Matt Garza dominates in Rangers debut

ARLINGTON, Texas -- John Burkett. Cliff Lee.

You can throw Todd Stottlemyre in there if you want.

All pitchers that the Texas Rangers have acquired in seasons past, either before, at or after the trade deadline, all brought to Texas to be game-changers.

Will Matt Garza be the next one?

If his debut for the Rangers is any indication -- a 3-1 victory over the powerless New York Yankees on Wednesday night -- general manager Jon Daniels has made a trade that will rival the one he made for Lee in 2010 and those by Doug Melvin for Burkett and Stottlemyre in the 1990s.

The Rangers won division titles in all of those seasons. They of course made it to their first World Series with Lee playing a massive role.

Garza happily explained after Wednesday's game how he's found himself in this role -- a "hired gun," as one person put it -- three times before. With Minnesota in 2006. With Tampa Bay in 2008. And with the Chicago Cubs in 2011 (though the Cubs did what the Cubs do and never contended).

Garza relishes this moment of being deputized by the Rangers as the final piece of the starting rotation that might have to push this team to the playoffs.

"Being a hired gun, I'm a pitcher. I'm going to come out and do my job every night," Garza said. "As long as I can go as deep as I can and give my team the best chance to win, that's what I strive for every night.
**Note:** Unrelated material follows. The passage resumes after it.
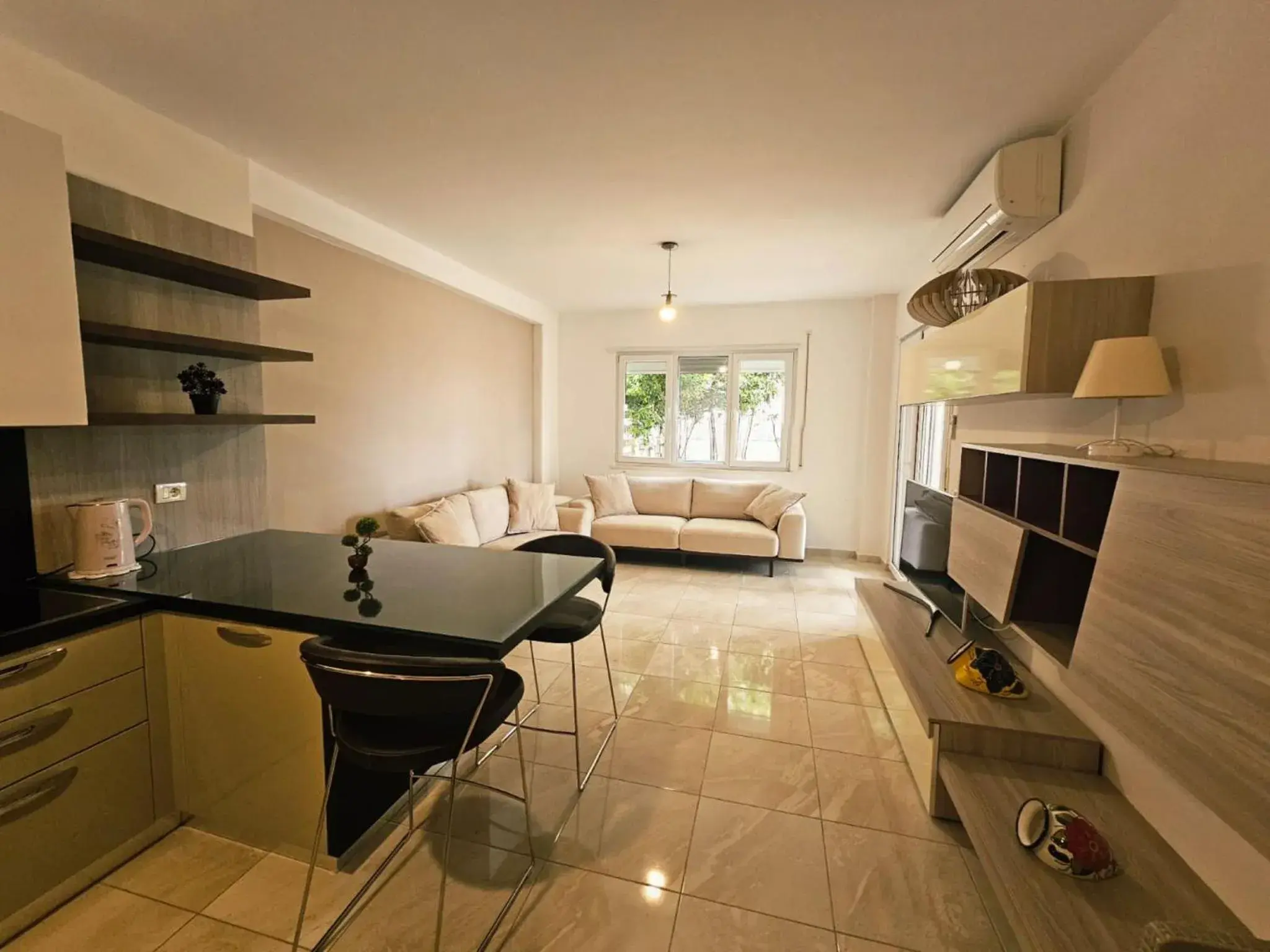 Beachfront Sion Sarande Apartment Beachfront Sion Sarande Apartment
Try to get nine [innings pitched]."

He went 7⅓ innings while stifling the Yankees on Wednesday, allowing five hits and an unearned run. Garza threw 95 pitches and probably could have gone deeper, but the Rangers' bullpen has been so hot that manager Ron Washington went to southpaw Neal Cotts with four straight left-handed batters coming up.
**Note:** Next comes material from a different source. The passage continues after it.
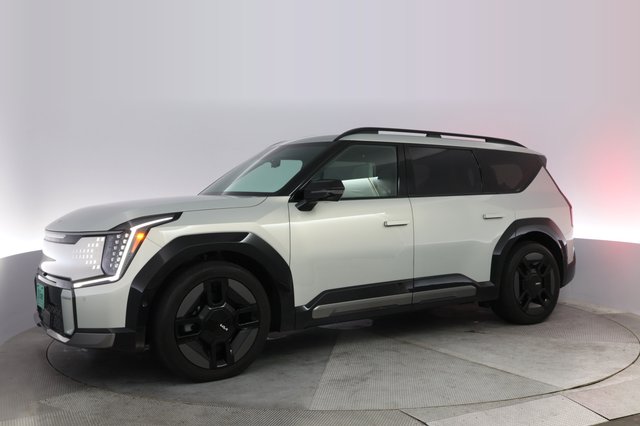 2024 Kia EV9 — photo 9 of 19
Garza held his glove up to his face as Washington came out to get him with one out in the top of the eighth. What was the nature of their first exchange of Washington coming to get the ball?

"I just said he did a great job out there," Washington said. "He said, 'OK.'"

Garza had to beat the Yankees with little run support from his new offense, but he didn't flinch. A.J. Pierzynski gave the Rangers a 1-0 lead in the bottom of the first with a two-out double, and it looked like that might be enough for Garza.

But a throwing error by Garza to start the top of the sixth led to the game being tied at one. Garza bobbled a comebacker to the mound, then grabbed the ball and fired it into right field, allowing Yankees speedster Brett Gardner to race all the way to third base.

Garza nearly got out of the inning. He made a nice play on another comebacker by Ichiro Suzuki. He made a good pitch to the Yankees' best hitter -- and only feared batter -- Robinson Cano, who lined it over a drawn-in infield to score Gardner and tie the game at one.

"I kept turning and I didn't stop myself from sliding; that's why I let the ball go too wild," Garza said. "It caught me off guard, and it's one of those things. I made sure I got the next guy out, and I was so close to not letting them score.

"That's what I was ticked off about. Cano's a great hitter, and I thought I made a great pitch and he got just enough to get over [Ian] Kinsler's head."

Garza didn't blink. With Cano at first base, he got Lyle Overbay to ground into a double play to quickly end the inning.

"He can execute pitches and he never gets rattled," Washington said.

The Rangers offense isn't scoring much, but Pierzynski did give Garza back the lead with a two-out solo home run in the bottom of the inning for a 2-1 score.

Garza went back out and attacked the strike zone. Of his 95 pitches, 66 were strikes. That's 70 percent. Washington calls that pounding the zone.

"Pounding the zone with a vengeance," Washington said. "He's always been a strike-thrower. He's always kept the ball in play."

Garza's new teammates were impressed about his strike-throwing and his reaction to making the error.

"He was as advertised," said David Murphy, who provided an insurance run with a solo shot in the bottom of the eighth. "It's almost funny at times [the way he reacts]. It got a hold of him when he made that bad throw. He wants to win."

Garza might find himself in a different role than Burkett, Stottlemyre and Lee before him.

Those guys came to a Rangers team with a juggernaut of an offense. This one started the day ninth in the American League in runs scored.

Pitching -- and the starting rotation -- might have to lead the way. Garza might end up being the game-changer of them all.

"Our pitching has been leading the way all year," Washington said. "I don't see why it would change now. They're the reason why we are where we are. The guys out of the bullpen. The starting rotation. We have good pitching. Our offense will pick it up."